The support "has proven instrumental in recapitalizing and restructuring Spain’s troubled banks, which are today on a sound footing," Klaus Regling, head of the European Stability Mechanism (ESM) was quoted by AFP. “Spain’s program exit after one year is an impressive success story," Regling said.
"Despite the challenges ahead I am confident that the ESM’s support, combined with structural reforms, will allow the Spanish economy to achieve stability and substantial growth,” he added. "Spain will not request any follow-up assistance from the ESM."
Amid a budget crisis in 2012, Madrid managed to negotiate a 100 billion euro deal with Eurozone states to bail out the nation’s banks, which were on the verge of collapse, following the burst of Spain’s real estate bubble. From the total loan secured, Spain ultimately spent only 41.3 billion euros.
"The Spanish success shows that our strategy of providing
temporary loans against strong conditionality is working,"
Spain has become the second of five Eurozone countries to have
concluded a bailout effort. Spain‘s official bailout exit is
scheduled for January. Ireland, meanwhile, completely halted its
aid program on December 15.
But despite the success story, in mid-December Spain was warned by the EU Commission and the European Central Bank (ECB) to monitor its banks for shock resiliency and solvency.
Spain emerged from its recession in the third quarter of 2013, and is expected to achieve a growth rate of at least 0.5 per cent in 2014.

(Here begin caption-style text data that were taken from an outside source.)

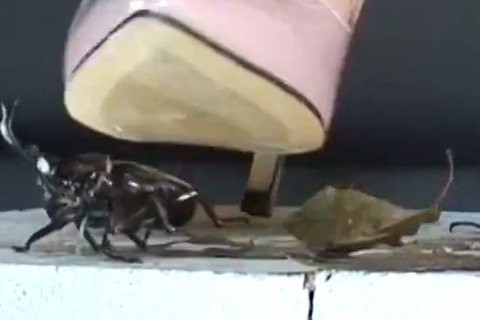 復刻　めいちゃんのピンクエナメルヒールで兜クラッシュ　３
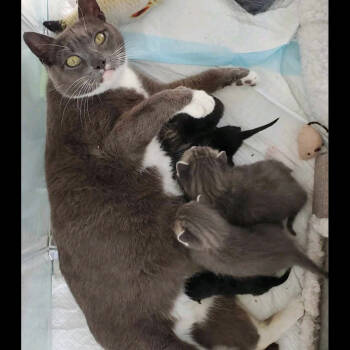 Rescue Domestic Medium Hair Cats for Adoption in West Plains, Missouri - Blanche | PetCurious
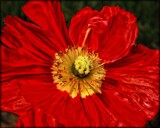 Lady In Red by LynEve, photography->flowers gallery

Yet, Spain faces the second largest unemployment crisis in the EU, at 26.7 percent, according to October figures. Greece is leading unemployment in the region with 27.4 percent. Overall, according to Eurostat, the EU has an unemployment rate of 10.9 percent.
Meanwhile, Latvia became the 18th -- and one of the poorest countries -- to join the EU monetary union, largely against popular opinion. November’s SKDS poll revealed that only 20 percent of Latvians are in favor of adopting the Euro, while the majority, 58 percent, see the national currency, the Lats, as a symbol of sovereignty and independence.
The euro, which was introduced 15 years ago, is now the official currency of 333 million Europeans. Latvia, the fourth smallest economy in the bloc after Malta, Estonia and Cyprus, hopes that the euro will lower its borrowing costs from the EU and encourage investment.